Instructs Aspose.OCR library to save the recognition results in hOCR format - an open standard of data representation for formatted text obtained from OCR. It includes extracted text, style, layout, and other information.

`OcrOutput` class

A container class that stores recognition results, which is returned from all recognition methods instead of a collection of recognition results.

It is fully backward compatible with the previously used collection of RecognitionResult objects, which means you do not have to update your existing code.

`Resources.release_memory()`

Unload all OCR modules to free up memory. The downloaded module files will remain stored on your system.

If you need to use the OCR module again later, it will automatically reload into memory. Please note that the first recognition attempt may be slightly slower due to the reloading process.

`save_multipage_pdf_optimized()`

This method allows to balance between file size and image quality of saved PDFs, using the optional optimizePdf parameter, which accepts the value of PdfOptimizationMode enumeration.

Name	Value	Description
`NONE`	0	Do not optimize PDF size.
`MAXIMUM_QUALITY`	1	Default. Optimize file size while preserving the highest image quality.
`HIGH_QUALITY`	2	Smaller PDF file size at the expense of sight image downsampling.
`BALANCED`	3	Downsample images to balance file size and image quality.
`AGGRESSIVE`	4	Significantly reduce the PDF file size at the expense of lower image quality.

Updated public APIs:

The following public APIs have been changed in 25.2.0 release:

`Language` enumeration

Compatibility: fully backward compatible. See details below.

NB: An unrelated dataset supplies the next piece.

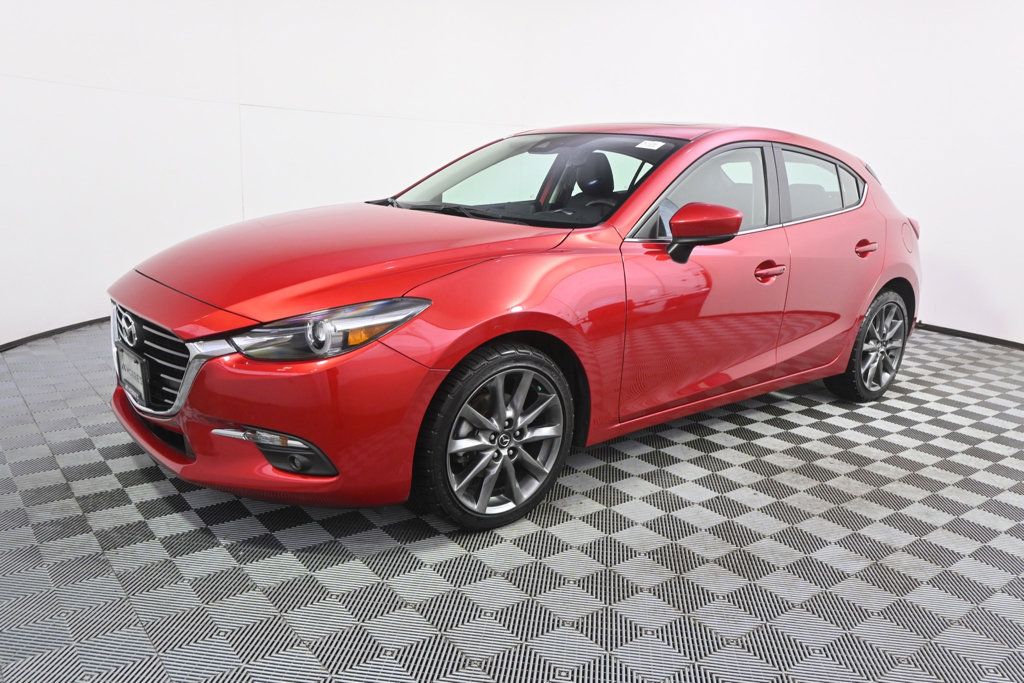Used 2018 MAZDA MAZDA3 Grand Touring FWD image 2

Aspose.OCR for Python via Java can now recognize a number of new languages, including texts in mixed scripts:

Value	Alphabet
`Language.KOR`	Mixed-language Korean/English texts.
`Language.JPN`	Mixed-language Japanese/English texts.
`Language.TAM`	Mixed-language Tamil/English texts.
`Language.TEL`	Mixed-language Telugu/English texts.
`Language.KAN`	Mixed-language Kannada/English texts.
`Language.EUROPEAN`	Mixed-language Cyrillic/English texts (experimental).
`Language.INDIC` `Language.DEVANAGARI`	Indic texts based on Devanagari script, including mixed Devanagari/English texts.
`Language.MON`	Mixed-language Mongolian/English texts.

Japanese text recognition requires aspose-ocr-japanese-v1 OCR feature to be installed.
Korean text recognition requires aspose-ocr-korean-v1 OCR feature to be installed.
Indic (Devanagari) text recognition requires aspose-ocr-hindi-v2 OCR feature to be installed.
Tamil text recognition requires aspose-ocr-tamil-v1 OCR feature to be installed.
Telugu text recognition requires aspose-ocr-telugu-v1 OCR feature to be installed.
Kannada text recognition requires aspose-ocr-kannada-v1 OCR feature to be installed.
Mongolian text recognition requires aspose-ocr-cyrillic-v1 OCR feature to be installed.
Mixed-language Cyrillic/English recognition requires aspose-ocr-cyrillic-v2 OCR feature to be installed.

Removed public APIs:

The following APIs deprecated during 2024 have been removed in this release:

`recognize_street_photo()`

Use the universal recognize() method which allows to control recognition settings, multiple languages, image regions, spellcheck, and other advanced features.

`DetectAreasMode.NONE`

Use DetectAreasMode.LEAN, which provides the same functionality.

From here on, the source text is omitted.